Copying and combining objects is extremely common. The tricky part is understanding when you’re copying references vs making a truly independent copy.

Shallow Cloning with Spread and Object.assign

Shallow cloning copies top‑level properties, but nested objects are still shared by reference.

const original = { a: 1, nested: { x: 10 } };
// Two ways to make a shallow copy
const clone1 = { ...original };
const clone2 = Object.assign({}, original);
clone1.a = 2; // changes only clone1.a
clone1.nested.x = 99; // changes nested object, shared with original
console.log(original.a); // 1 (primitive copied by value)
console.log(original.nested.x); // 99 (object shared by reference)
console.log(clone2.nested.x); // 99 (same nested object as original)

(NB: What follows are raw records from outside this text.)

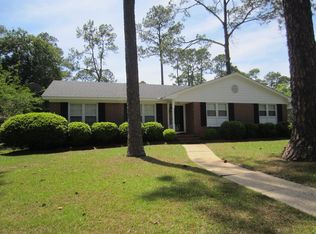 1805 Lakeridge Dr, Albany, GA 31707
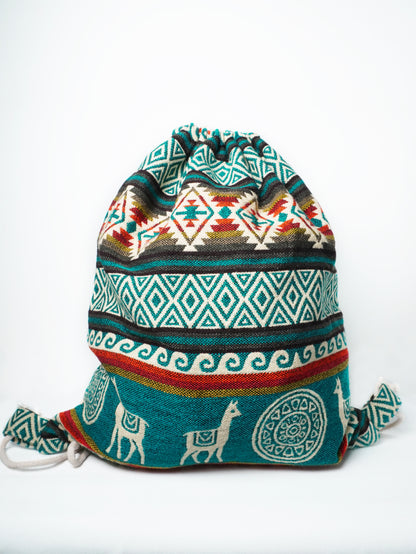 Borsa Sacchetto Andina
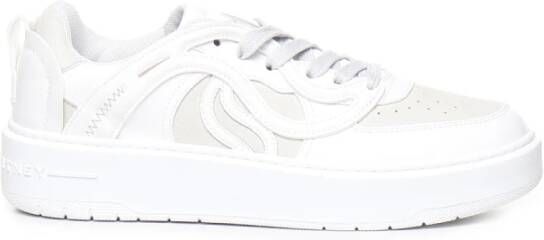 Stella Mccartney Sneakers S-WAVE 1 ALTER SPORTY MAT Sneaker in groen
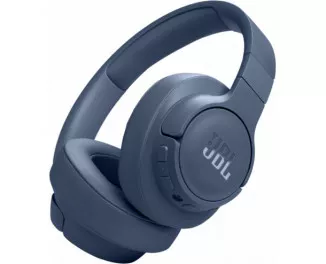 Бездротові навушники JBL Tune 770 NC Blue (JBLT770NCBLU)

Shallow clones are great when you only need to copy one level deep, or when nested objects are intentionally shared.

Deep Cloning

Deep cloning creates a fully independent copy, including nested objects.

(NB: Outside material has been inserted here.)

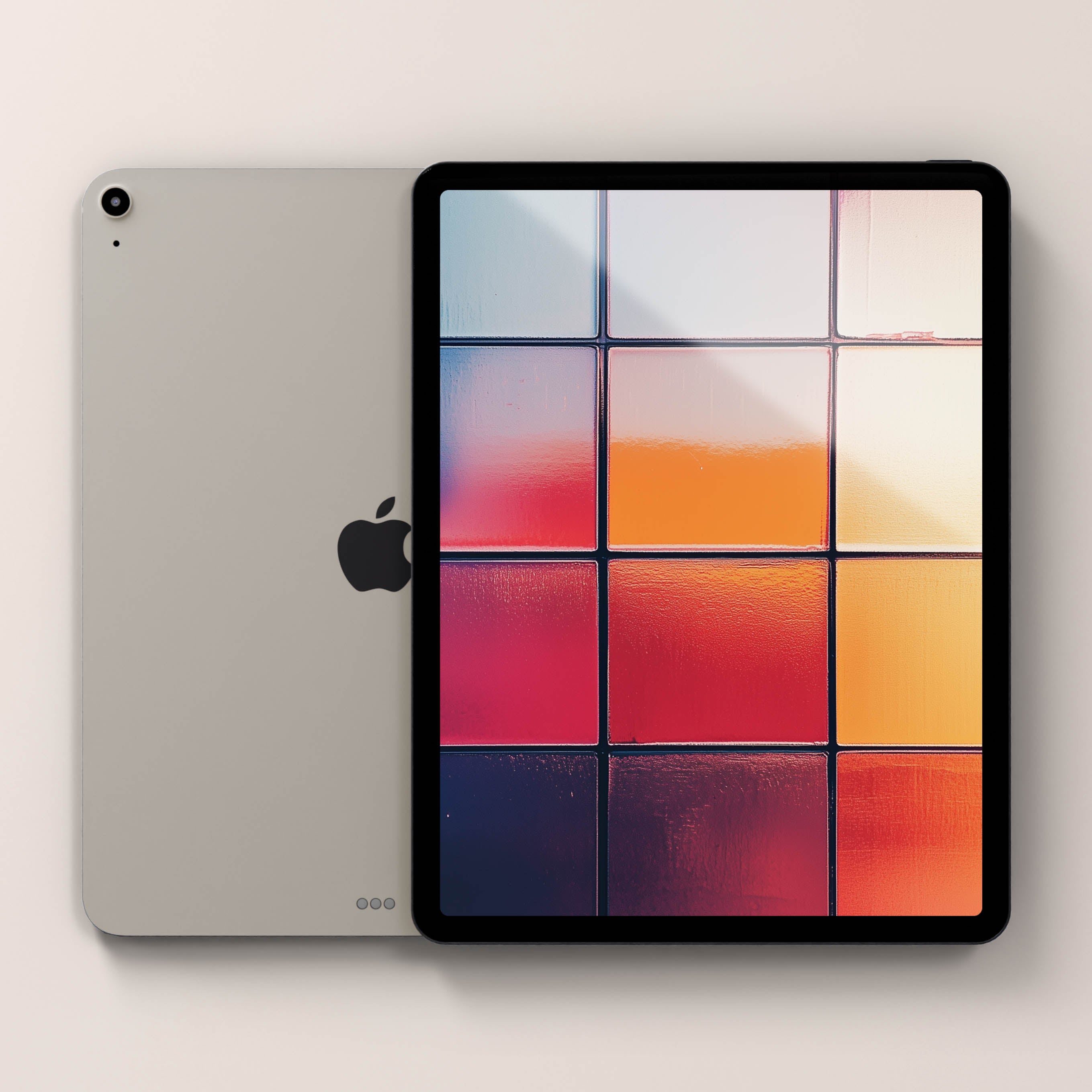 iPad Air 13-inch (M3) 1TB (WiFi) – Gazelle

For JSON‑safe data (no functions, Dates, Maps, etc.), you can use JSON.parse(JSON.stringify(...)):

const user = {
name: 'Ada',
settings: {
theme: 'dark',
showToc: true,
},
};
const deepClone = JSON.parse(JSON.stringify(user));
deepClone.settings.theme = 'light';
console.log(user.settings.theme); // "dark"
console.log(deepClone.settings.theme); // "light"

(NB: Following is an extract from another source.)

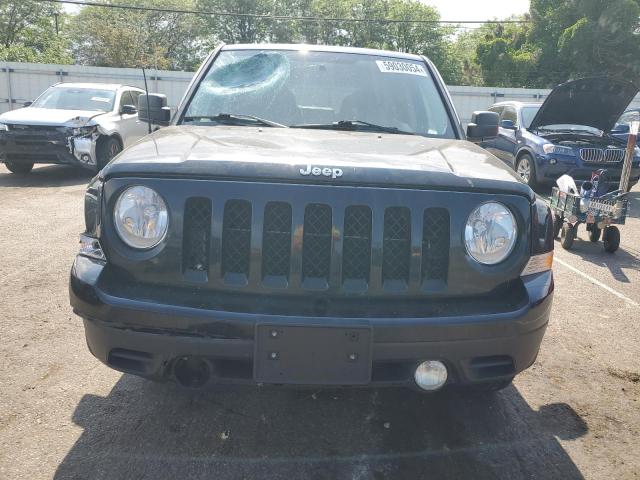 Photo 4 VIN: 1C4NJRFB4CD705865 - JEEP PATRIOT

For more complex data, modern environments support structuredClone:

const complex = {
createdAt: new Date(),
items: new Map([
['a', 1],
['b', 2],
]),
};
const copy = structuredClone(complex);
console.log(copy.createdAt instanceof Date); // true
console.log(copy.items instanceof Map); // true

Merging Objects

Merging is combining properties from multiple objects into a new one, often used for configuration.

const defaults = { theme: 'light', showToc: true, pageSize: 10 };
const userConfig = { theme: 'dark', pageSize: 20 };
// Later spreads override earlier ones
const effective = { ...defaults, ...userConfig };
console.log(effective);
// { theme: 'dark', showToc: true, pageSize: 20 }

For nested objects, merge nested levels explicitly to avoid losing properties.

const defaultUser = {
name: '',
settings: {
theme: 'light',
layout: 'single-column',
},
};
const incoming = {
name: 'Ada',
settings: {
theme: 'dark',
},
};
const mergedUser = {
...defaultUser,
...incoming,
settings: {
...defaultUser.settings,
...incoming.settings,
},
};
console.log(mergedUser.settings);
// { theme: 'dark', layout: 'single-column' }

Object.freeze and Object.seal

Object.freeze makes an object immutable at the top level: you cannot add, remove, or change its properties.

const config = { env: 'prod', debug: false };
Object.freeze(config);
config.debug = true; // ignored or throws in strict mode
config.newKey = 'x'; // ignored
delete config.env; // ignored
console.log(config); // { env: 'prod', debug: false }

Be aware that freeze is shallow: nested objects can still be mutated.

const frozen = Object.freeze({ nested: { x: 1 } });
// Still allowed because nested object itself is not frozen
frozen.nested.x = 42;
console.log(frozen.nested.x); // 42

Object.seal is similar, but you can still change existing values:

const sealed = { a: 1 };
Object.seal(sealed);
sealed.a = 2; // OK
sealed.b = 3; // ignored
delete sealed.a; // ignored
console.log(sealed); // { a: 2 }

Deep Freezing Helper

To truly freeze an entire object graph, recursively freeze all nested objects.

function deepFreeze(obj) {
// Freeze properties before freezing self
Object.getOwnPropertyNames(obj).forEach((name) => {
const value = obj[name];
if (value && typeof value === 'object') {
deepFreeze(value);
}
});
return Object.freeze(obj);
}
const settings = deepFreeze({
ui: { theme: 'dark', density: 'comfortable' },
api: { url: 'https://api.example.com' },
});
// All these mutations will be ignored or throw in strict mode
settings.ui.theme = 'light';
settings.api.url = 'https://evil.com';
console.log(settings.ui.theme); // "dark"
console.log(settings.api.url); // "https://api.example.com"

Understanding shallow vs deep cloning, merging, and immutability is critical when working with stateful code (like React apps, Redux stores, or any shared application state).